A sobreposição do universal com o ocidental aconteceu muito por culpa de um conjunto emaranhado de processos e sistemas que tiveram o seu princípio com a conquista do Hemisfério Ocidental pelos Europeus. Este acontecimento metamorfoseou visceralmente o equilíbrio, o comedimento e a simetria de poder ao nível mundial, possibilitando que a época da supremacia global europeia se tornasse exequível. A fundação de uma hegemonia ocidental simbolizou que a “predestinação” do Ocidente passou a ser desenhada como sendo a história do mundo inteiro. Salientar que este domínio não foi simplesmente de cariz económico, político e militar, uma vez que também desfrutou de uma vigorosa chancela cultural. A modernização transformou-se num autêntico sinónimo de ocidentalização, na medida em que a configuração corpórea da modernidade somente poderia ser confeccionada a partir das execuções e condutas culturais europeias. O eurocentrismo aparece como sinónimo do que é europeu ou ocidental. Ou seja, a supremacia do Ocidente apoiou-se na confluência entre valores universais e valores ocidentais.

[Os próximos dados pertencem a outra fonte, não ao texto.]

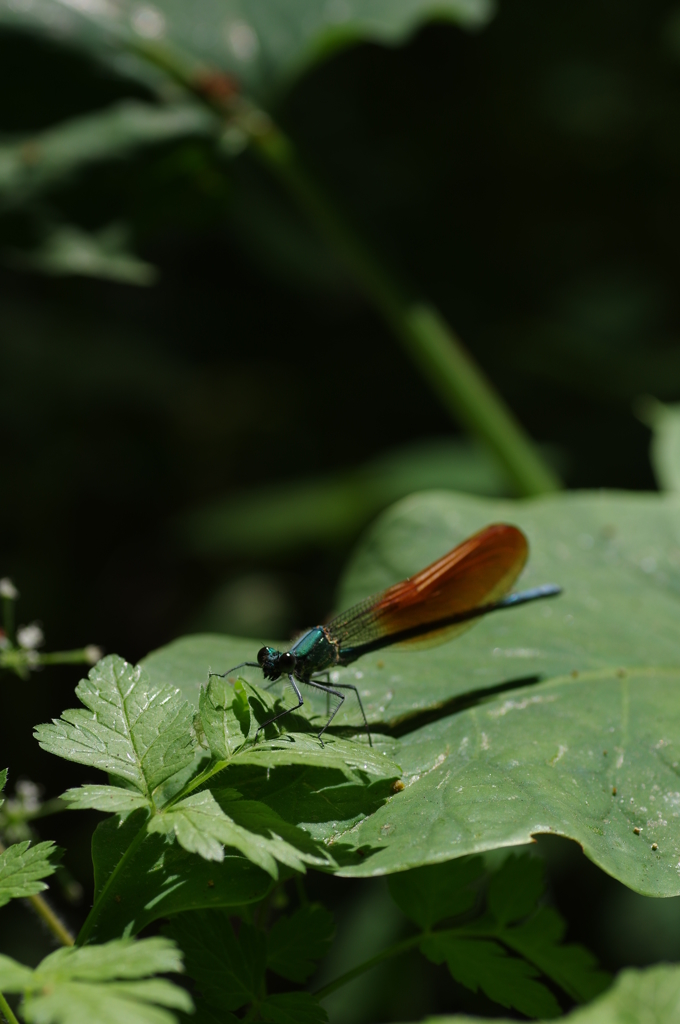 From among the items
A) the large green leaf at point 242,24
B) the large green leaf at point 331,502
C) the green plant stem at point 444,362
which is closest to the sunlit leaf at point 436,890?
the green plant stem at point 444,362

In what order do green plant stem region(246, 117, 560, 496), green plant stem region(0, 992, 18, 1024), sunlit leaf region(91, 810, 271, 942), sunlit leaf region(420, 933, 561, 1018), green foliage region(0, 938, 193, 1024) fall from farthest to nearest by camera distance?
green plant stem region(246, 117, 560, 496) < sunlit leaf region(420, 933, 561, 1018) < sunlit leaf region(91, 810, 271, 942) < green plant stem region(0, 992, 18, 1024) < green foliage region(0, 938, 193, 1024)

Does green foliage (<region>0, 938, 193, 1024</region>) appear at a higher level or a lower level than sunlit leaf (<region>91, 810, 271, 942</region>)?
higher

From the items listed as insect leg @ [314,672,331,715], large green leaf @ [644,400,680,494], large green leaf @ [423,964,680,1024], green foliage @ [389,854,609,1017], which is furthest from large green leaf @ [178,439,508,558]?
large green leaf @ [423,964,680,1024]

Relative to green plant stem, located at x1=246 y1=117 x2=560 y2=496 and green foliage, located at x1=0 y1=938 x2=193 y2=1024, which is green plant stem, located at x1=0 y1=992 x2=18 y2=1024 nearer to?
green foliage, located at x1=0 y1=938 x2=193 y2=1024

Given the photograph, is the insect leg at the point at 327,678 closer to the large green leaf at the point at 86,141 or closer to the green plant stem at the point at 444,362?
the green plant stem at the point at 444,362

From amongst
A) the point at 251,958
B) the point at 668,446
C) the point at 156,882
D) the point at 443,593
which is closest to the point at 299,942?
the point at 251,958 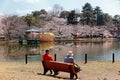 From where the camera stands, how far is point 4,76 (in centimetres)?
1429

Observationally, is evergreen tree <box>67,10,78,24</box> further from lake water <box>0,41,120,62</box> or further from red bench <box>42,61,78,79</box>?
red bench <box>42,61,78,79</box>

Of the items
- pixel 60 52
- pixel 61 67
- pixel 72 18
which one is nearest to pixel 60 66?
pixel 61 67

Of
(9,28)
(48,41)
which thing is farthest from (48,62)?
→ (9,28)

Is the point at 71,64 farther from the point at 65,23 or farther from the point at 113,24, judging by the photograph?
the point at 113,24

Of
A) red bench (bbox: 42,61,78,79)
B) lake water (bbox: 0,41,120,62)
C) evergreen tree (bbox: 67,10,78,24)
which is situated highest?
evergreen tree (bbox: 67,10,78,24)

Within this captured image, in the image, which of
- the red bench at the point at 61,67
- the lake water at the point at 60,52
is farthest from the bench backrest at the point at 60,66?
the lake water at the point at 60,52

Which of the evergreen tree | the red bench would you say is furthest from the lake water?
the evergreen tree

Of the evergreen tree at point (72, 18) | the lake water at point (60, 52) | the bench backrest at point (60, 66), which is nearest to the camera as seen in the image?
the bench backrest at point (60, 66)

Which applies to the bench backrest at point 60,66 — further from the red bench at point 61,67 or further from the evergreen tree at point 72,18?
the evergreen tree at point 72,18

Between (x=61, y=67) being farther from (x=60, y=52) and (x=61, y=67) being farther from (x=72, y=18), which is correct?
(x=72, y=18)

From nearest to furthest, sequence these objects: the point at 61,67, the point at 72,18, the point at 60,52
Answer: the point at 61,67 < the point at 60,52 < the point at 72,18

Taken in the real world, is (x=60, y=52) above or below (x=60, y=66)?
below

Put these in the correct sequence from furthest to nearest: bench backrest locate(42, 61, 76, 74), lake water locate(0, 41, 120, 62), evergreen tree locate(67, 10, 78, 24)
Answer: evergreen tree locate(67, 10, 78, 24)
lake water locate(0, 41, 120, 62)
bench backrest locate(42, 61, 76, 74)

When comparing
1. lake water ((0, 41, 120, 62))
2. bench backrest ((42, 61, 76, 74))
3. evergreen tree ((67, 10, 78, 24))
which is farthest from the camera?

O homem moderno era aquele que se trajava, dormia, caminhava, dialogava, comia e vivia como europeu. As restantes sociedades e culturas não tinham outro caminho, para conseguirem todas as benfeitorias que a vida no Ocidente facultava, senão o de escoltar as “pisadas” do território ocidental. O destino do mundo era claramente a ocidentalização. Actualmente é o descentramento do Ocidente que a estratégia do eurocentrismo procura atenuar. Portanto, podemos referir que o eurocentrismo é um projecto que procura cerrar o hiato que vai desligando o universal do ocidental.
O mundo muçulmano que despontou na prossecução dos impérios europeus acabou por ser modelado na superioridade das práticas culturais do Ocidente. Talvez o mundo tenha acreditado que, com o decorrer do tempo, os muçulmanos haveriam de desaparecer. O mundo hodierno seria, nessa perspectiva, um mundo sem muçulmanos, com o Islão a ser uma simples reminiscência ou um trivial “artefacto” de estudo superficial. A confiança na hegemonia do Ocidente começou a ficar abalada por alguns acontecimentos indecorosos, como por exemplo o Holocausto, que foram surgindo de forma reiterada. Será que não é a desvinculação do universal e do ocidental que produz a conjuntura ideal para o fortalecimento do Islamismo?
A questão muçulmana aconchega uma essência mais política do que religiosa. Como não existe um chefe religioso soberano, o Corão é interpretado e comboiado segundo os conspectos culturais de cada País, sem nunca abandonar o seu âmago divino. Os fundamentalistas levam o Corão ao lado da letra, procurando as suas origens e perfilhando códigos civis, penais, culturais e políticos ali redigidos, os quais eram harmónicos com a forma de vida do século VII. Todavia, a esmagadora maioria da população retira do Corão os preceitos e cânones divinos que formam os seus dogmas, pensamentos, máximas, estados de espírito e crenças. Os meios de comunicação ocidentais outorgam maior destaque aos problemas religiosos, sociais, culturais e políticos do mundo oriental do que propriamente do ocidental, contudo convém nunca esquecer que as inflexibilidades e atrocidades religiosas estão presentes em todas as sociedades, religiões e épocas. Será que é coincidência a perturbação de identidade do Ocidente ser representada pela presença do Islão? Será que o Islão não representa de certa forma o passado histórico do Ocidente? Será que uma cultura centrada no conceito do divino, na sua citada intransigência e no seu alegado fanatismo, não sugere perfeitamente a forma como o Islão funciona? Será que esse Islão não é um verdadeiro espelho do passado do próprio Ocidente?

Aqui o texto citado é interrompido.